Tag 1
Zum Start versammelten wir uns im Zentrum von Vittoria. Direkt auf dem Marktplatz sammelten sich ca. 350 unerschrockene Radfahrer, größtenteils auf Gravelbikes, aber auch einigen Mountainbikes. Es war trocken und nicht zu warm, das sah erst einmal nach guten Bedingungen aus. Ohne große Ansprache ging es dann pünktlich um 8:00 Uhr los. Eigentlich recht unspektakulär.
Wie angekündigt war die Fahrt aus der Stadt heraus neutralisiert, alles andere wäre wohl auch unverantwortlich gewesen, mit solch einem Pulk durch den spanischen Verkehr. Aber so lief es sehr entspannt. Polizei vor und hinter uns und wir hinter dem offiziellen wagen hinterher. Wir fuhren aus der Stadt heraus, bis in den nächsten Ort. Nach ca. 7km wurde das Rennen dann am ersten Schotterstück eröffnet.
Ich musste ja meine Ansage wahr machen und als erster in die erste Kurve fahren, also setzte ich mich direkt an die Spitze, behielt dabei immer meinen Wattmesser im Auge. 230 Watt waren in Ordnung – dachte ich mir – als ich mich dann aber umdrehte war niemand mehr an meinem Hinterrad. So war das nun wirklich nicht geplant und die Jungs im Feld hinter mir dachten sich vermutlich: Was ein Anfänger. Verdammt, aber stehen bleiben wollte ich nun auch nicht. Also erst einmal weiter gekurbelt, bis mich nach ca. 15km ein zweiter Fahrer einholte, mit dem ich die nächsten 25km zusammen fuhr. Wir wechselten uns gut ab und kamen auch gut voran, ohne dass wir uns komplett abschossen. Mein Wattmesser pendelt immer so zwischen 200 und 250 Watt, also vollkommen in Ordnung. So fuhren wir bis in die ersten Ausläufer des Urbasa Waldes, als ich wieder in die Führung gehen wollte. Dabei bemerkte ich, dass mein Vorderreifen immer platter wurde. Fing ja gut an, nach 40km schon der erste defekt. Ok, also stehen geblieben und Reifen kontrolliert. Ich hatte einen kleinen Riss oder Schnitt in der Reifenflanke, den hatte die Dichtmilch wohl nicht erreicht. Also schüttelte ich den Reifen etwas, so dass die Milch auch das Lock abdichten konnte, pumpte den Reifen wieder auf und weiter. Dadurch hatte ich zwei Gruppen vorbei lassen müssen. Die eine holte ich mir wieder, kaum hatte ich sie hinter mir gelassen, war der Reifen wieder platt. Arghhhhh. Ok, also wieder gehalten und diesmal flickte ich das Lock mit einem Tubelessflicken, damit sollte Ruhe sein – dachte ich.

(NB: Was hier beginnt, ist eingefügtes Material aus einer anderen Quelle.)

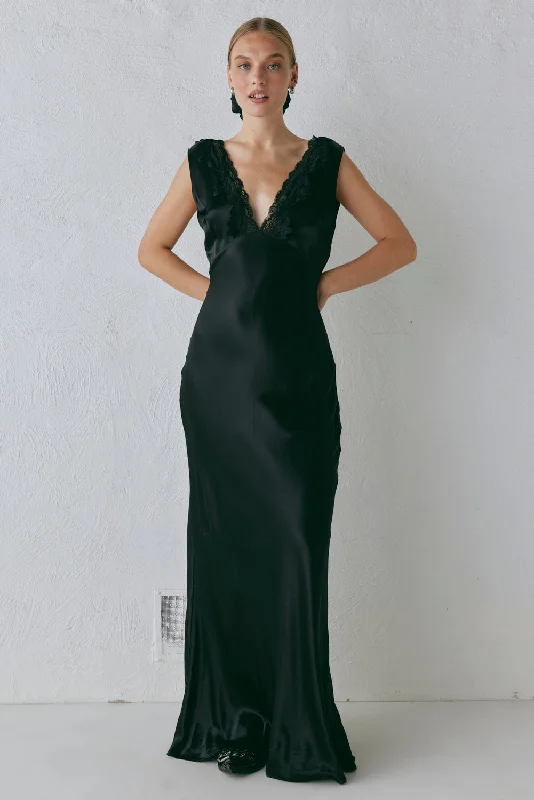 Super Sale Tully Satin Maxi Dress Black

Die Aktion hatte mich wieder 10 bis 20 Plätz gekostet. Also wieder Aufholen…. Weiter ging es durch den wunderschönen Wald, vorbei an grandiosen Aussichten und immer wieder wunderschöne aber auch arg steinige Wege über zahllose kleinere Anstiege. Nichts dramatisches, aber langweilig wurde es auch nicht. Plötzlich zischte und spritze es richtig und ich hatte den nächsten Defekt. Diesmal ein größeres Loch direkt in der Lauffläche des vorderen Reifens. Also wieder ein Tublessflicken rein gedrückt, Reifen aufgepumpt und weiter. Die Aktion hielt für die nächsten 10km, dann hatte es den Tubelessflicken aus dem Reifen gezogen. Also neuer Flicken und den dann direkt über der Lauffläche abgeschnitten, so dass er hoffentlich drin blieb. Man wird ja kreativ. Leider hatte ich bei der Aktion den Vorderreifen zu fest aufgepumpt, was ich etwas später merken sollte….

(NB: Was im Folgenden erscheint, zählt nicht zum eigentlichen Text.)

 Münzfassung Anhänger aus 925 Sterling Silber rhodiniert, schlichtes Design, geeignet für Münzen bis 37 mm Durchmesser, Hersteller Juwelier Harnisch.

Die Strecke ging weiter durch wunderschöne Landschaften, immer wieder aber auch über extrem steinige Passagen, was mit dem Gravelbike ein ziemliches Gehoppel wurde. Bei den schnellen Abfahrten auf dem teilweise losen Schotter merkte ich dann auch das der Vorderreifen zu voll war und in einer Abfahrt passierte es dann: ich wollte bremsen, das Vorderrad blockierte und ich rutschte in eine Erosionsrinne und zack lag ich auf dem Schotter. Dabei war ich voll auf den Ellenbogen gefallen und mein erster Gedanke war: ok, der ist hin, das war es. War er aber nicht 😉 Nachdem der erste Schmerz vergangen war, konnte ich mich wieder aufrappeln. Das Rad war heile und ich konnte noch alles bewegen, schien also nichts gebrochen zu sein. Einige Schrammen an Arm und Hüfte, aber sonst zum Glück nichts – uff. Also weiter. Toll war, dass die Fahrer, die vorbei kamen, als ich mich wieder aufrappelte alle fragten, ob ich Hilfe brauchte. Geht doch …

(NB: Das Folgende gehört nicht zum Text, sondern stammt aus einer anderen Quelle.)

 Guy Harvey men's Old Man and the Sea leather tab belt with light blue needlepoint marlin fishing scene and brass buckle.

Nach ca. 210 km kam ich an einer Schutzhütte vorbei, an der ich mir mein Abendessen gönnte: Ein Baguette, das ich mir eingepackt hatte und die Reste meines Tees – hier gab es auch einen Brunnen, so dass ich meine Flaschen noch einmal auffüllen konnte. Leider zog Nebel auf und es wurde kühler aber noch aushaltbar.
Das Wanderstück war dann auch komplett aufgeweicht, so dass ich beinahe die gesamten 3 (?) km schieben oder tragen musste. Zum Glück hatten wir und das Stück vorher angeschaut, so fand ich den Weg recht schnell. Nach einer schönen Abfahrt und einem netten Trail an einem Stausee ging es hinauf zum höchsten Punkt des Tages: ein 1500m hoher Pass. Zunächst auf der Straße, oben dann über eine gute Schotterstraße. Dabei wurde es dann auch immer nebeliger und damit feuchter, so dass ich mir für die folgende Abfahrt die Daunenweste überzog (die ich auch für den Rest der Nacht nicht mehr auszog). Die Abfahrt durch den Wald war phantastisch: komplett alleine und nur die Geräusche des Waldes. Mal hier ein Vogel, da ein Fuchs, dann irgendwelche andere Tiere – unglaublich schön.
Noch ein kleiner Berg und dann folgte eine lange seichte Abfahrt in Richtung Süden. Hierbei kam ich auch an einem der Highlights der Strecke vorbei: die Strecke ging am Irati entlang und plötzlich durch gigantische Tunnel. In der Dunkelheit sah ich nur leider nix von dem tollen Canyon und auch die Tunnel kamen etwas überraschend. Aber immerhin wurde es wärmer.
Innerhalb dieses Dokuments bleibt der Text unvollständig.